**DIRECTIONS FOR THIS TASK**
Begin at the line that has "Alberta Ferretti mandala-print", stop after the line that has "White Traditional Ao", and print exactly those lines from the records below, without any pictures.

**DATA SHOWN**
━━━━━━
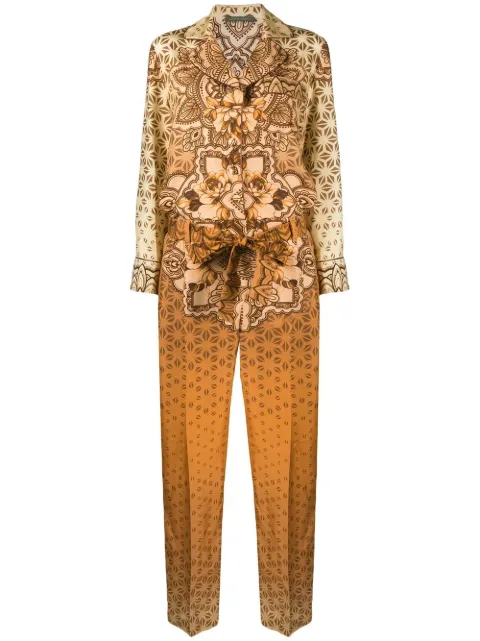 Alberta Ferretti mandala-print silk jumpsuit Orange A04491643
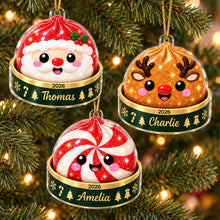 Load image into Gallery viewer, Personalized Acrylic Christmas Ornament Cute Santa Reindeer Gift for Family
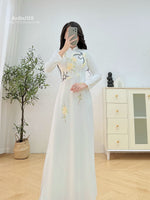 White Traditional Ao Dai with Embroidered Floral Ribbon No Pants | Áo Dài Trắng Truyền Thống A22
━━━━━━
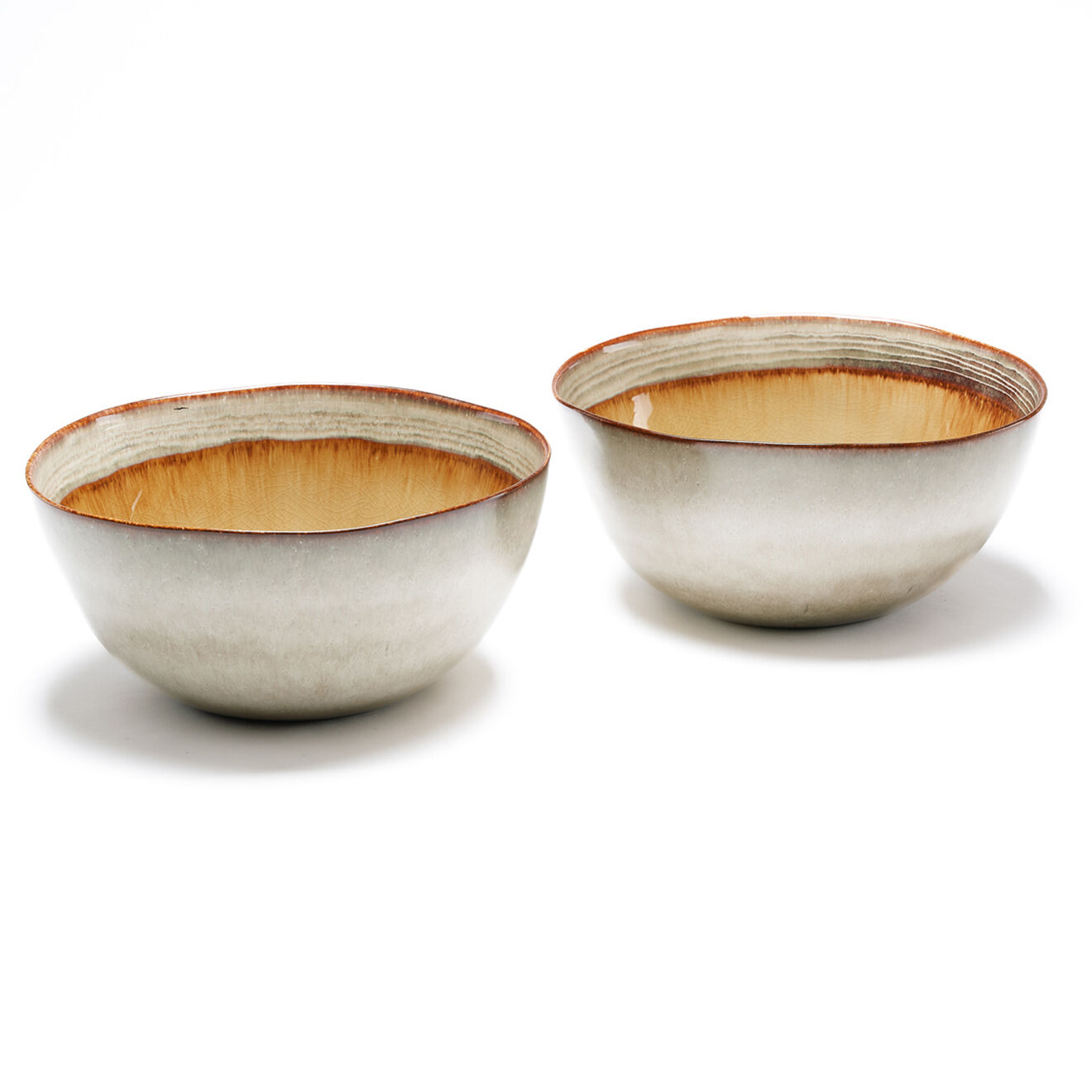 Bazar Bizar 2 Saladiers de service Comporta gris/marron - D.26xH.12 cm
━━━━━━
**SOLUTION FOR THIS TASK**
 Alberta Ferretti mandala-print silk jumpsuit Orange A04491643
 Load image into Gallery viewer, Personalized Acrylic Christmas Ornament Cute Santa Reindeer Gift for Family
 White Traditional Ao Dai with Embroidered Floral Ribbon No Pants | Áo Dài Trắng Truyền Thống A22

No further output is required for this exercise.